Dailydave mailing list archives

Re: Exactly 500 word essay on "Why hacking is cool, so that Marcus changes his web site"


From: Pedram Amini <pedram () redhive com>
Date: Wed, 21 Sep 2005 13:09:21 -0500

All I have to say on this matter is that the essay is not "exactly" 500 words. Rather, it's 483. 494 if you count the title and 497 if you count every word in the e-mail.

Still an interesting read ;-)

-pedram

Dave Aitel wrote:

“Why hacking is cool, so that Marcus changes his web site”

Hacking, or in common parlance, “breaking into other people's computers” is a tool of the human spirit. We live in a time where new technologies engender new freedoms as well as new tyrannies. As the discipline of revolution must take hold among a society in order to combat any tyranny, such has hacking taken hold among the technical community. More than anything else, the searchable database has made oppression of a group of people a scalable event. It can now be done subtly and out of sight, in airport lobby's, in welfare offices, in school admission offices. You can gerrymander an entire society with enough data on the populace and the aid of advanced computer algorithms.

Because morality and legality are entirely separate worlds, hacking, and the apotheosis of hackers in modern culture (Matrix, et. al) , provides the public three valuable things. The first thing is the idea that unknown heroes, electronic Robin Hoods, are working to defeat the oppression around them. Hacking truly is the mighty made low. It's not joe-blow's cell phone that gets hacked, but Paris Hiltons. It's not your sister's email, but Michael Bloomberg's. This is as true for the Pakistani hacker groups as for the Chinese. Higher levels of oppression, not higher levels of expensive upper education, spawns hackers in places like Turkey, China, Eastern Europe, and South America. Sometimes just a story about revolution can be enough to inspire true freedom.

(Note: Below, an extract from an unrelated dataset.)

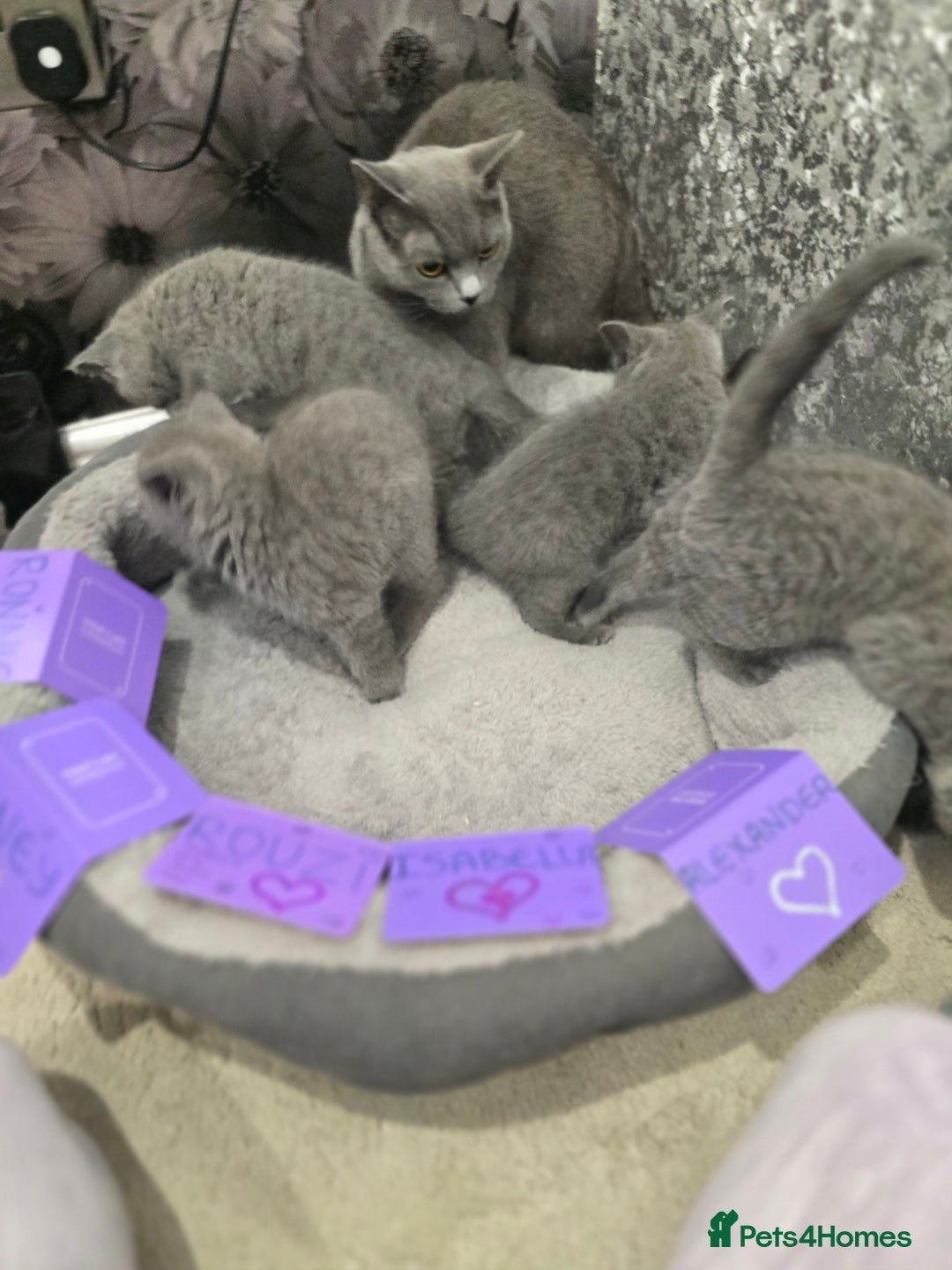 British Shorthair cats for sale: 🩷💜Beautiful British shorthair kittens 💜🩷 - Advert 4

The second thing hackers bring the public is a complete defeat of the false sense of security world governments would like to provide themselves with extensive Brave-New-World-like monitoring tools. What use is monitoring the public when that data can be manipulated, corrupted, and deceived. What use is it to fost an electronic voting scheme on the public when the public knows how it can be fooled into voting for whoever controls the wires? By defeating the false sense of security normally associated with complex technologies the public does not understand, hackers defeat a small part of the modern tyrannies we could find ourselves under.

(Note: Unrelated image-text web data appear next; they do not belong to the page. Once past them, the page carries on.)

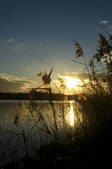 tkf001_650098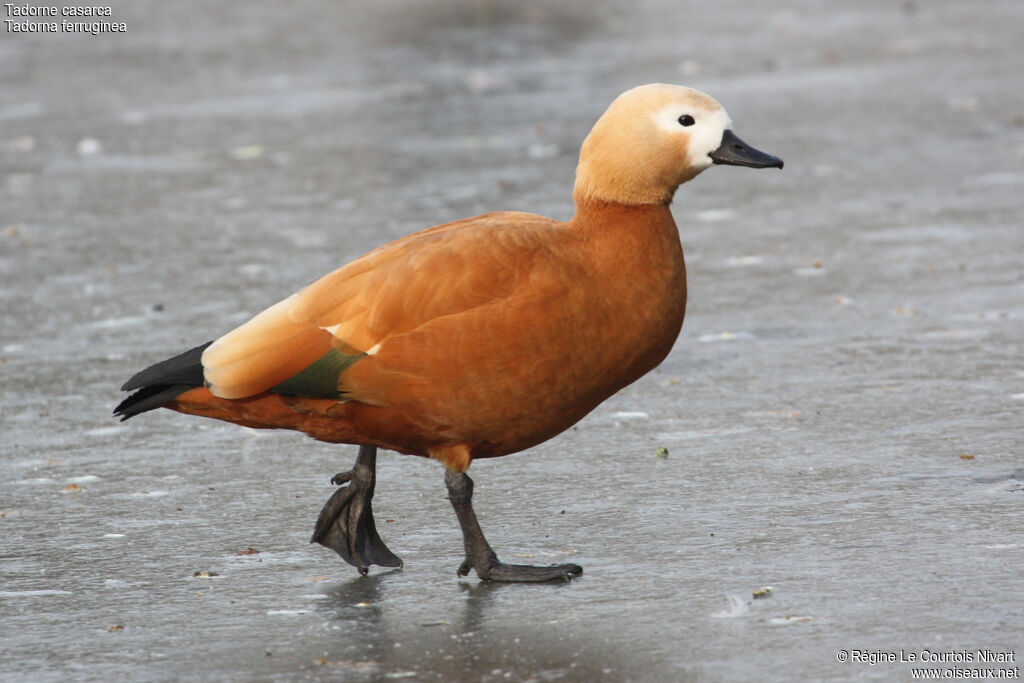 Ruddy Shelduck female, identification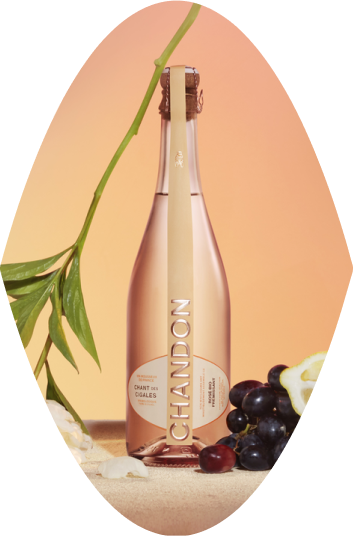 Chandon Gardent Spritz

The third thing hackers deliver is an offensive operations team against the very powers that seek to defuse other cultural revolutions. Whistleblowers have a technique to use that provides anonymity. The anonymity of astroturfing corporations can be penetrated. Shredded documents detailing environmental destruction can be pulled from a hacker's email archives and emailed to newspapers. When The SCO Group find their website has been hacked, can they trust that their email has not been stored somewhere, ready for revealing at an inopportune moment? In this way, hackers keep those people in places of power honest.

While hacking does harm a few, it frees a many. An exploit itself is a study in cool understated elegance. Hacking is done under extreme pressure and personal risk, each hacker a submarine captain in a leaky boat with a cool head and a steady hand.